Historie des Gebietes

Wald und Flur
Nach der Eiszeit und der allmählichen Wiederbewaldung wurden die Wälder und dessen Produkte wie Holz, Früchte und Pflanzen nach und nach zunehmend vom Menschen genutzt. Im 18. Jahrhundert erreichte diese Nutzung ihren Höhepunkt – mit der Konsequenz, dass vom Wald, sprich den Bäumen, nicht mehr viel zu sehen war. Stattdessen tat sich eine weite Heidelandschaft auf, von der heute noch viele Gebietsnamen künden.

Durch die Einführung des Gedankens der Nachhaltigkeit (der Holzmengennutzung) und Wiederaufforstungsprogramme konnte sich wieder ein Wald entwickeln, der allerdings zu einem überwiegenden Teil aus Kiefern bestand. Dieses Bild ergibt sich auch heute noch in der Fläche.

Bild Kiefernforst

Große Teile der Flächen befanden sich seit dem 16. Jahrhundert im Besitz der Grafen von der Schulenburg und Houwald. Nach 1945 erfolgte über die Bodenreform eine Aufteilung des Besitzes in staatliche Forstreviere. Über verschiedene Strukturen erfolgte schließlich die Gründung des Militärforstbetriebes (VEB) Lieberose. Lieberose war der einzige sowjetische Truppenübungsplatz in der DDR, auf dem die Liegenschaftsverwaltung durch den deutschen Militärforstbetrieb erfolgte.

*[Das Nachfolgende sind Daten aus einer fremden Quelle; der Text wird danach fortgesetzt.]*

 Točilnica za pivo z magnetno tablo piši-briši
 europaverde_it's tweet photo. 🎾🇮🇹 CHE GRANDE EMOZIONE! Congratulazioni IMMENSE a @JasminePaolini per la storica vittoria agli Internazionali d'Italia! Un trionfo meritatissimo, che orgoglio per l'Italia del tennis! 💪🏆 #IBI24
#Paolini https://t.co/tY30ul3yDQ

Militärisches Übungsgebiet
Die Geschichte des Übungsplatzes beginnt mit einem großen Waldbrand im Mai 1942. Dieser Brand markiert den Anfang der Einrichtung des geplanten Groß-Truppenübungsplatzes „Kurmark“ durch die Waffen-SS. Zum Aufbau des Geländes errichteten die Nationalsozialisten die Außenstelle Lieberose des KZ Sachsenhausen; eine Einrichtung, die von 1945 bis 1947 als sowjetisches Internierungslager genutzt wurde. Die angedachte umfassende Nutzung des Platzes als militärisches Übungsgebiet erfolgte erst durch die Rote Armee ab 1945.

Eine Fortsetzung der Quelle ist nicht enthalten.